My January had two snow days (yeah, but disruptive too, right?), a Bills loss that broke my freezing city's heart, a sinus infection, bronchitis—and to top it off, I had to have two teeth pulled. One of them was a wisdom tooth that was partially pushing through my gum. For reasons that never became clear, my dentist numbed my mouth, but I was awake without laughing gas, while these very rough extractions took place, and saw actual thread stitch me up! But I survived, right? Well, it turns out I’m allergic to the pain medicine I was given and had to call my husband home from work because I couldn’t get up off the floor where inexplicably I felt the least terrible, to let the dog out. I missed an entire week of school. If you’ve ever missed school when you least expected it, I know you can feel my emotional, if not literal, pain. So here I am: I need to bounce back. We’ve all been there. How is that going to happen? I’m going to actually pay attention to myself. Here are some ideas about how I’ll bounce back and maybe make a few changes in 2025. I’m not a big fan of resolutions, but I do love a good plan. 

Lack of Stamina

I’m generally healthy, but I need to admit I can’t go as fast as I have been since I began kindergarten in 1980. The sinus infection and bronchitis, I’m sure, were exacerbated and wiped me out because I am terrible at slowing down, saying no, and any form of admitting my weaknesses. I am, unfortunately, one of those who have glamorized “busy” and celebrated the grind. (I’m working on it in 2025!) We all need to reclaim our time and take care of ourselves before we get too sick to go to school. What if we didn’t go to school when we felt icky, rested up instead, and let our immune systems get to work while we binge Netflix? What if we didn’t schedule all manner of self-maintenance appointments during our breaks or in the summer? What if we acted like our health was the most important thing? Ask anyone who has had a health scare, and they’ll affirm that it is sometimes the only thing. Our bodies will eventually make us shut down if we don’t do it on our own. Remember in college how we were always sick when we came home for Thanksgiving? It’s because we ran ourselves into the ground. Repeat after me: I shall not glamorize unhealthy habits like “pushing through.” 
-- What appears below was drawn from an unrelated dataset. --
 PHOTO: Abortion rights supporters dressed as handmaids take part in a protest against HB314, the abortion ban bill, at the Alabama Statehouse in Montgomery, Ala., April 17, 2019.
As far as 'pushing through' is concerned, I think it is fair to say that if you are still a public educator today, you have resilience.

Share My Lesson has a great community with free health and wellness resources. Within that community is the No.1 Wellness Resource of 2024, an amazing webinar “Dimensions of Wellness: Self-Care for Educators.” Our jobs are different from others because we are responsible for other people’s children, so learning to balance that responsibility with taking care of ourselves is essential. 

Resilience 

As far as “pushing through” is concerned, I think it is fair to say that if you are still a public educator today, you have resilience. It has been a tough time to be a teacher, and I don’t think it is going to get easier anytime soon. We are the lifeline for some of our students, and deciding to stay in the classroom is our own form of resistance. We need to realize that COVID-19 impacted every aspect of our life, and sometimes we overlook that we have a specifically relationship-driven job; and that means we are managing our kiddos at home and at school. For those of us who feel that we used to be able to handle more, we’d probably be right. However, when a global pandemic shuts down the world, the political landscape is a dumpster fire, and we are constantly cast as either the “superhero” or the “villain,” it takes resilience to keep bouncing back. We are doing just that! 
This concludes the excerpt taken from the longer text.